Investors evaluate startups only in the context of the market: even the most advanced technological solutions are pointless if nobody’s going to pay for them. As such, it doesn’t make sense to continue investing in further development. An accelerator can help a startup avoid such a situation. A team of experts and mentors will help the founders clearly show the practical value of a product.
The key qualities of a successful investor include the ability to instantly understand a startup’s essence, to catch its vibe, and to quickly find the required sources of funding. If an investor is a business angel, a startup would benefit from their experience in a relevant industry and their extended network of contacts; if it’s a venture fund, it might have a high level of expertise in some particular field (e.g. B2B-services for providers). Moreover, a current investor can help find the source of financing for the next round, effectively becoming a startup’s booster.
Preparing for the demo-day it’s important to understand that the only purpose of your presentation is to attract an investor. That is why every phrase you articulate during the pitch should help you achieve this goal and extra words should be thrown away. Make sure you follow the mentor's advice during the preparation.
The slides should contain a simple message. The goal of pitching is to enamour an investor with the product and to show what the team has achieved during acceleration.

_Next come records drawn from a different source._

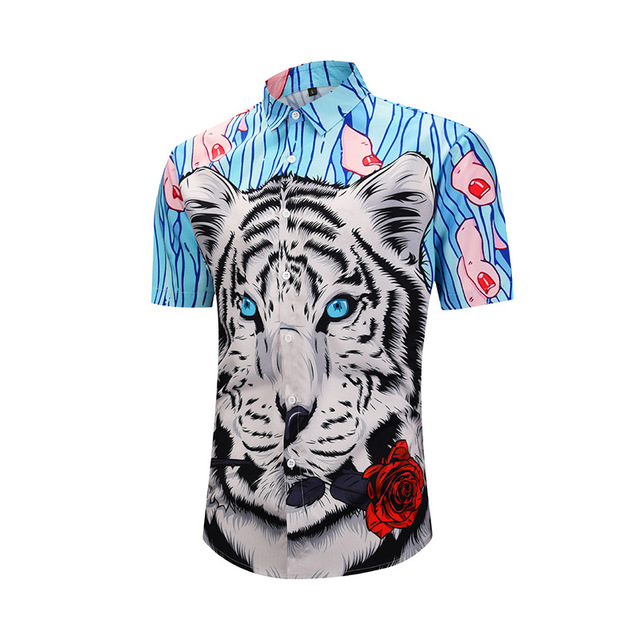 Creative Tiger Head Printed Shirt Large Wharf Street Loose Blouse 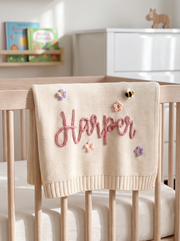 Personalised Knitted Baby Blanket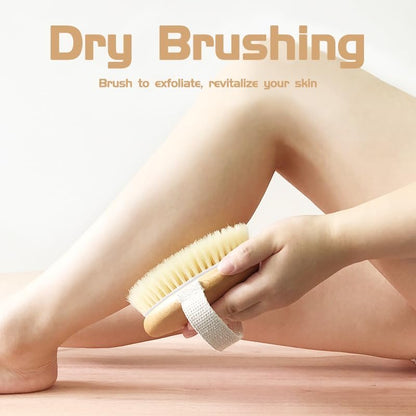 Bamboo Dry Body Brush for Shower – Exfoliating Bath Brush with Massage Nodes for Dry Brushing & Cellulite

It’s all about selling the idea of the startup’s progress. Demo-day is a turning point for a startup when the project can attract investors and an accelerator will help to create a favorable atmosphere.
One more tip for those preparing their pitch is to be honest and to accurately showcase all of the project’s upsides. For example, if the founder has 10 years of business experience and only 5 of them are in the particular industry, it would be a big mistake to say that he has “10 years of business experience,” without providing details.
An investor is the startup’s business partner. You can’t just attract funding without convincing your future partner of your sincere desire to achieve success and join the list of the top 1% of startups. A smart move is to ensure support from a successful accelerator, otherwise, it doesn’t make sense to even enter the race for a million.